DATA —
__________

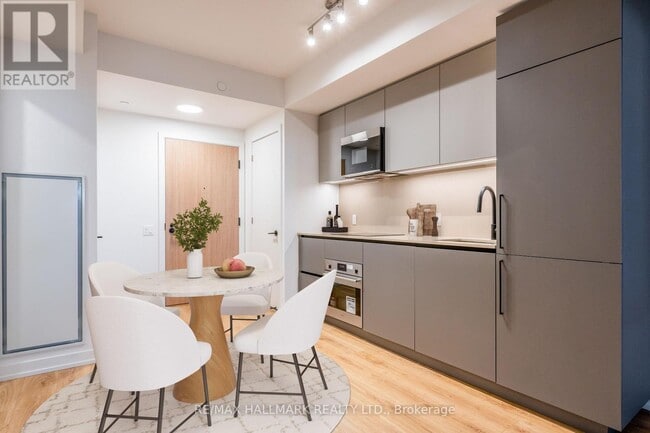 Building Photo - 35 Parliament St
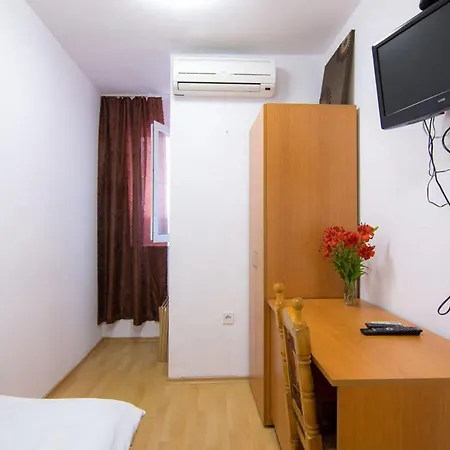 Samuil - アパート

__________

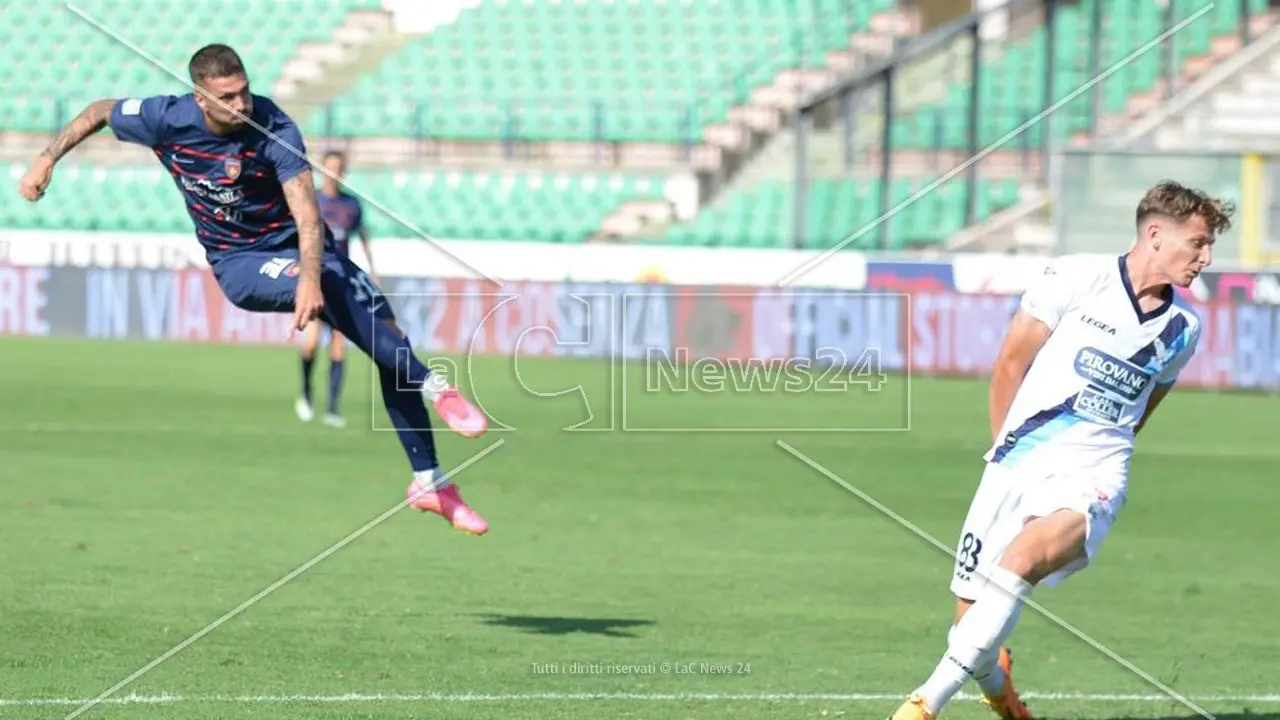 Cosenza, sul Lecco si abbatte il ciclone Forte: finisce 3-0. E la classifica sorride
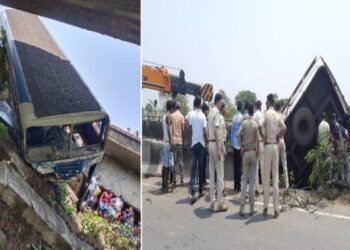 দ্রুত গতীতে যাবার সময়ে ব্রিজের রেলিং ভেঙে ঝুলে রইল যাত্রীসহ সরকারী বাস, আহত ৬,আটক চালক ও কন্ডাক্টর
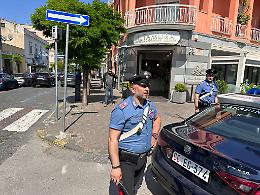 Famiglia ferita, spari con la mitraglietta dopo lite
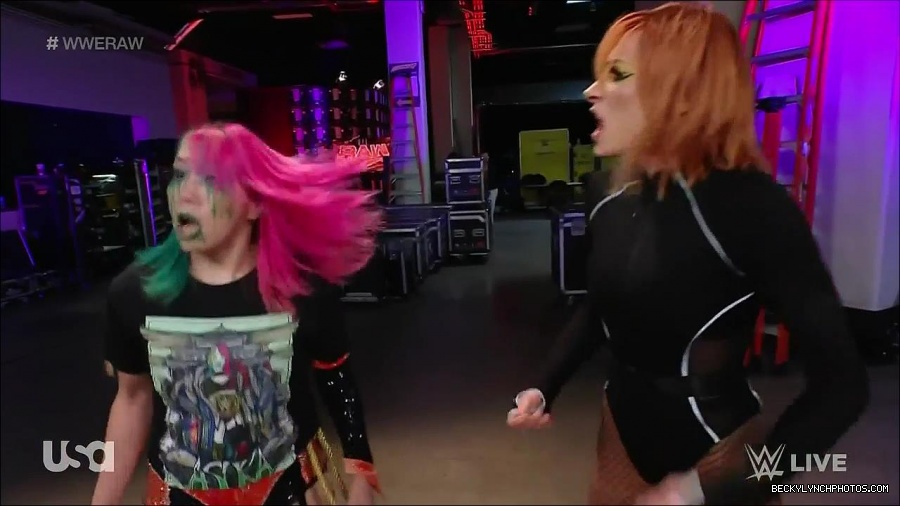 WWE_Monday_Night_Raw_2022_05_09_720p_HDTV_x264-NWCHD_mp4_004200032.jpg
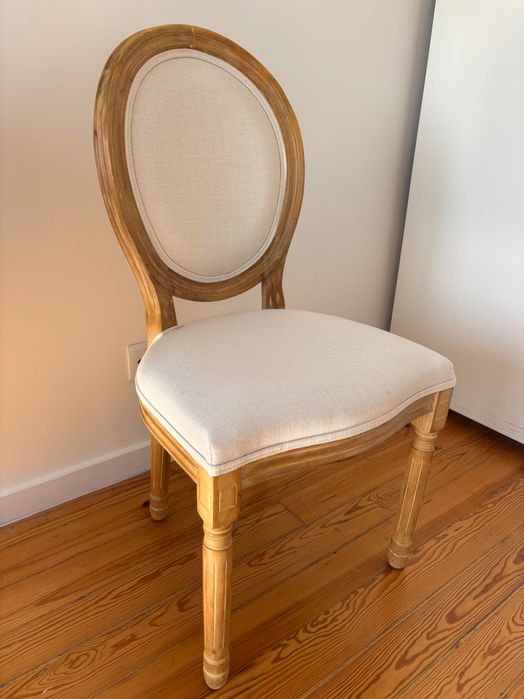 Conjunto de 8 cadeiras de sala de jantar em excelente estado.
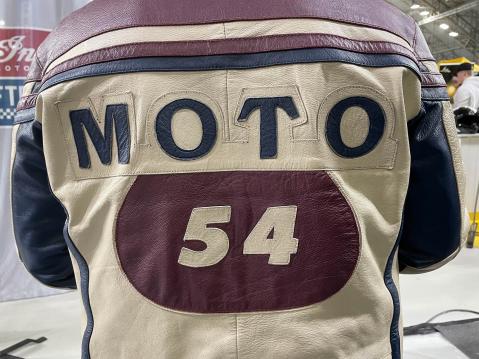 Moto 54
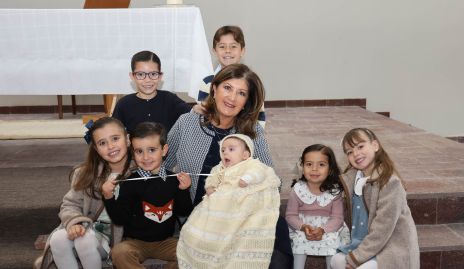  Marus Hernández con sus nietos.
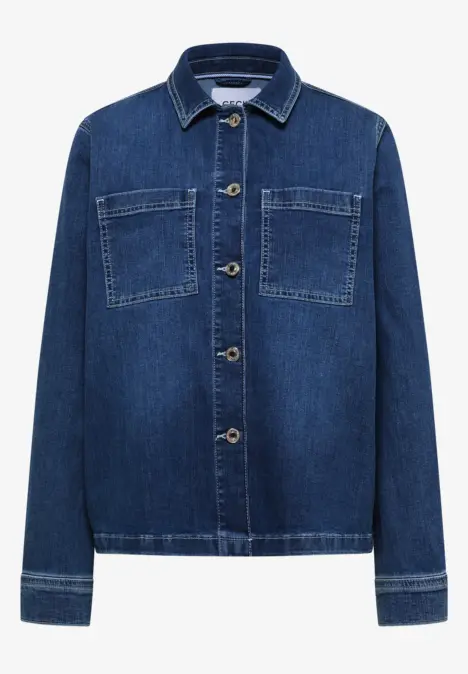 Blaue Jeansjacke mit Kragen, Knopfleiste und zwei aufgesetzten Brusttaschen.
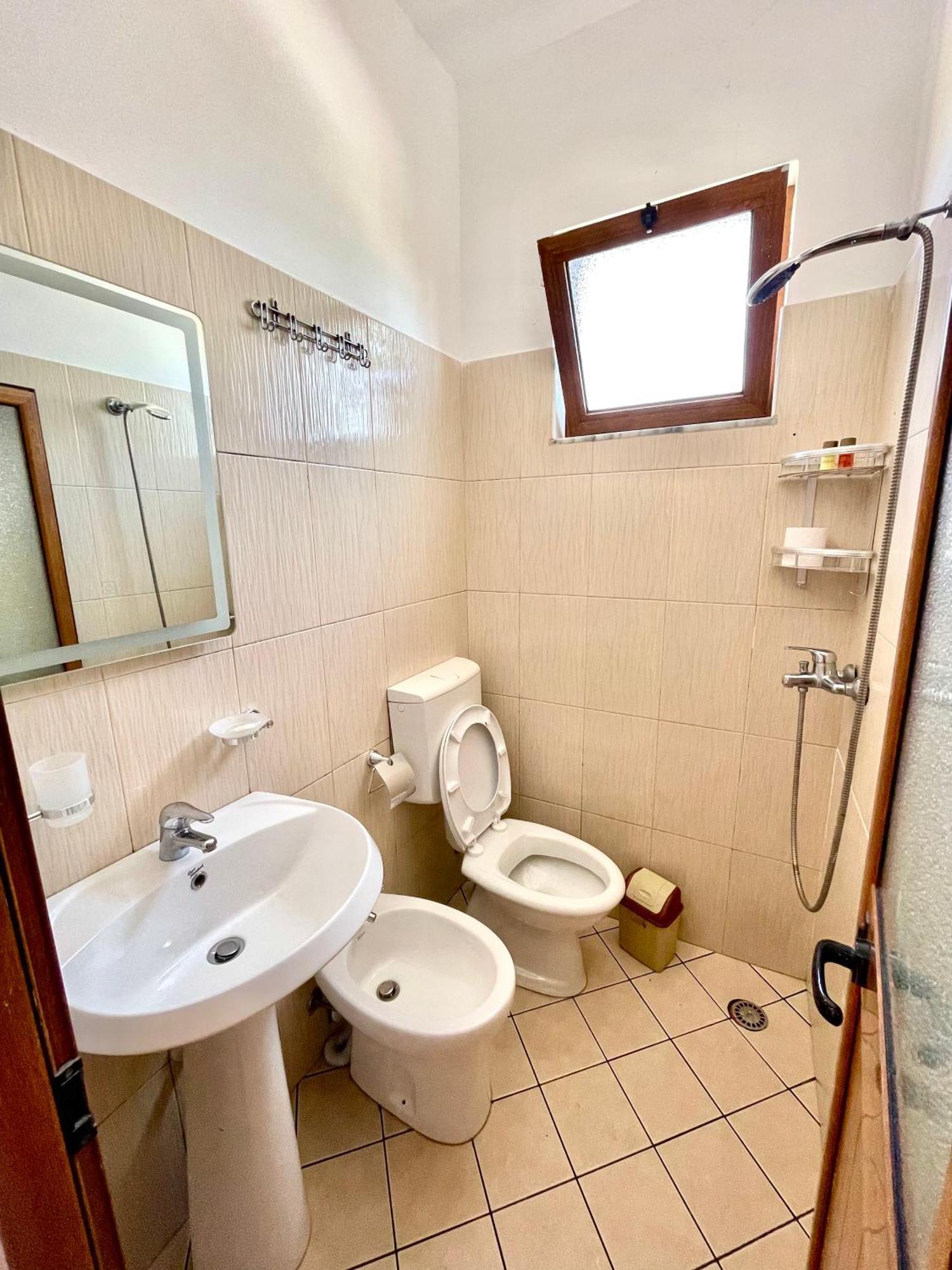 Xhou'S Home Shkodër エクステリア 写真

__________

Only the lines above starting with the line with "Conjunto de 8" and going on through the line with "Xhou'S Home Shkodër エクステリア 写真" belong in the answer; repeat them exactly, minus any picture.

 Conjunto de 8 cadeiras de sala de jantar em excelente estado.
 Moto 54
  Marus Hernández con sus nietos.
 Blaue Jeansjacke mit Kragen, Knopfleiste und zwei aufgesetzten Brusttaschen.
 Xhou'S Home Shkodër エクステリア 写真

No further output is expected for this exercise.